Caribbean companies are being encouraged to do more to support education.

This call comes from Minister of Education, the Hon. Ronald Jones, who believes “there is a high degree of selfishness by many businesses of the region”.

“If they give you $10 000 they feel that they give you the world. But, yet they make their money from the people of the region – the people of the region educate the people for those same businesses. So, I am saying in these alliances, and in these partnerships – just give a little more. Not to hurt yourself, but a little bit more because we still want you to retain some of your earnings to further build out your businesses, to help take in some of the people we are producing.”

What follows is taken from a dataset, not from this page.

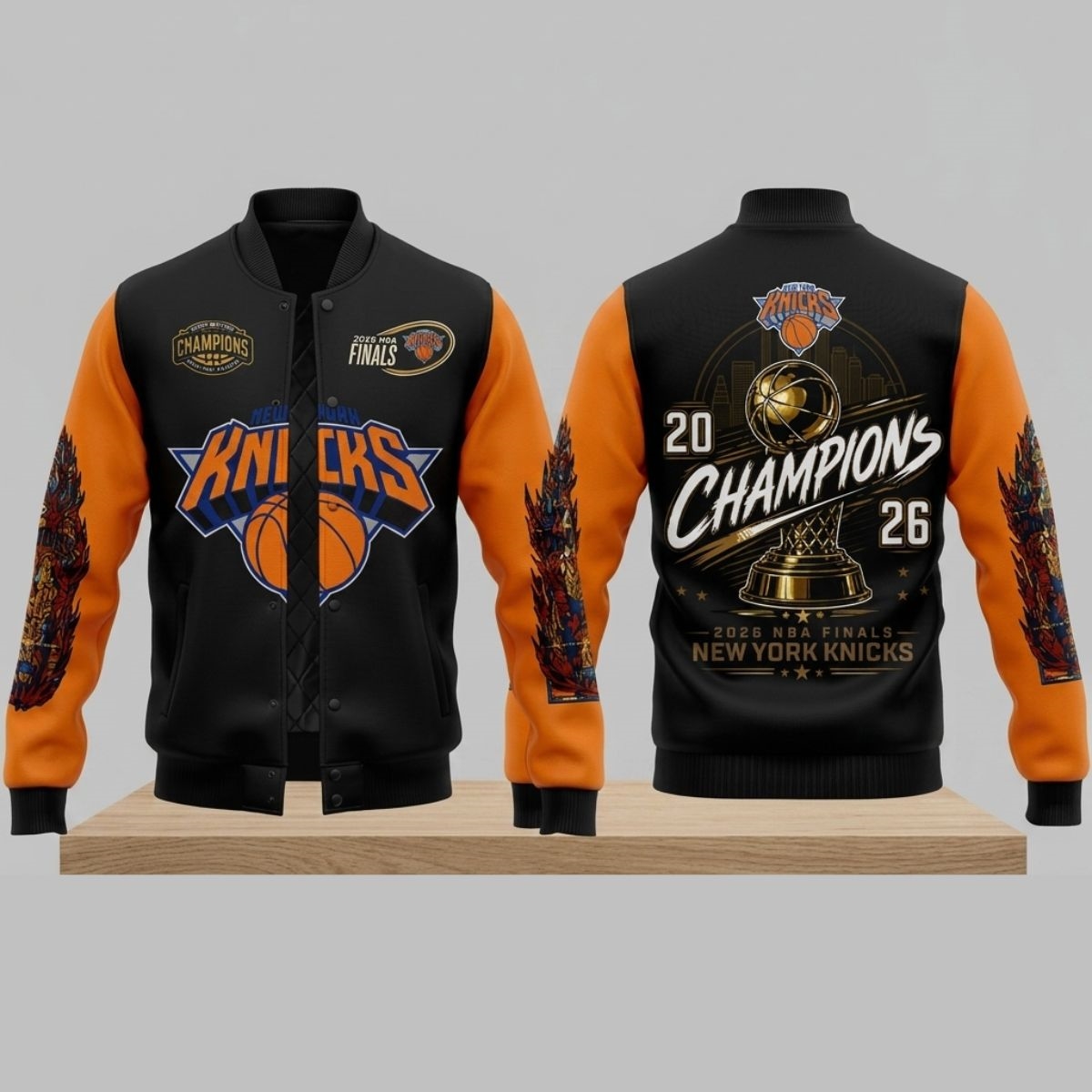 New York Knicks 2026 Champions Bomber Jacket 1 New York Knicks 2026 Champions Bomber Jacket 2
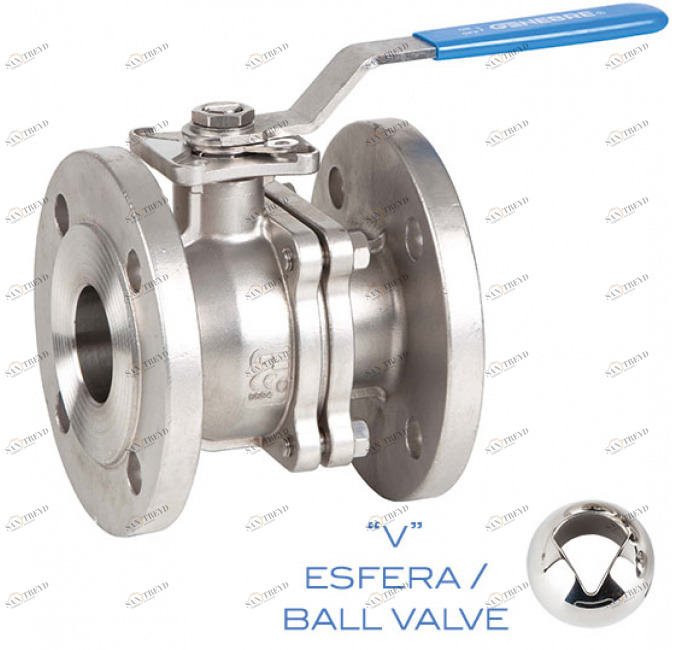 GENEBRE 2528v 30 09 Регулирующий шаровой кран «V», 2 штуки, фланцы, концы DIN PN 40/16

The Minister was at the time addressing the opening ceremony of the 16th Annual Conference of the Association of Caribbean Higher Education Administrators (ACHEA), held under the theme “Expectations in Higher Education: Everybody’s Business” at Hilton Barbados Resort, yesterday.

He told participants that part of the problem that is faced as leaders of education, as governments is that they are no longer listening to each other.

“We are quarrelling with each other. Leaders in tertiary education are saying ‘but we want more’ and the government is saying ‘but we don’t have more’. If we give you more, something across the board will suffer… Therefore, how are we going to discuss this in a sensible and rational way, so that we can still roll out the tertiary education project in the region.

“We have to be frugal, we cannot be as liberal as we used to be. And once that happens there is an impact on the institutions, there is an impact on the people who must access this education,” he pointed out.

Further recognising the financial challenges, Jones is urging tertiary administrators to be compassionate, when dealing with students who have difficulties in meeting their tuition commitments.

“You have to understand and work out financial modalities which will help ease them through the difficult periods,” he said.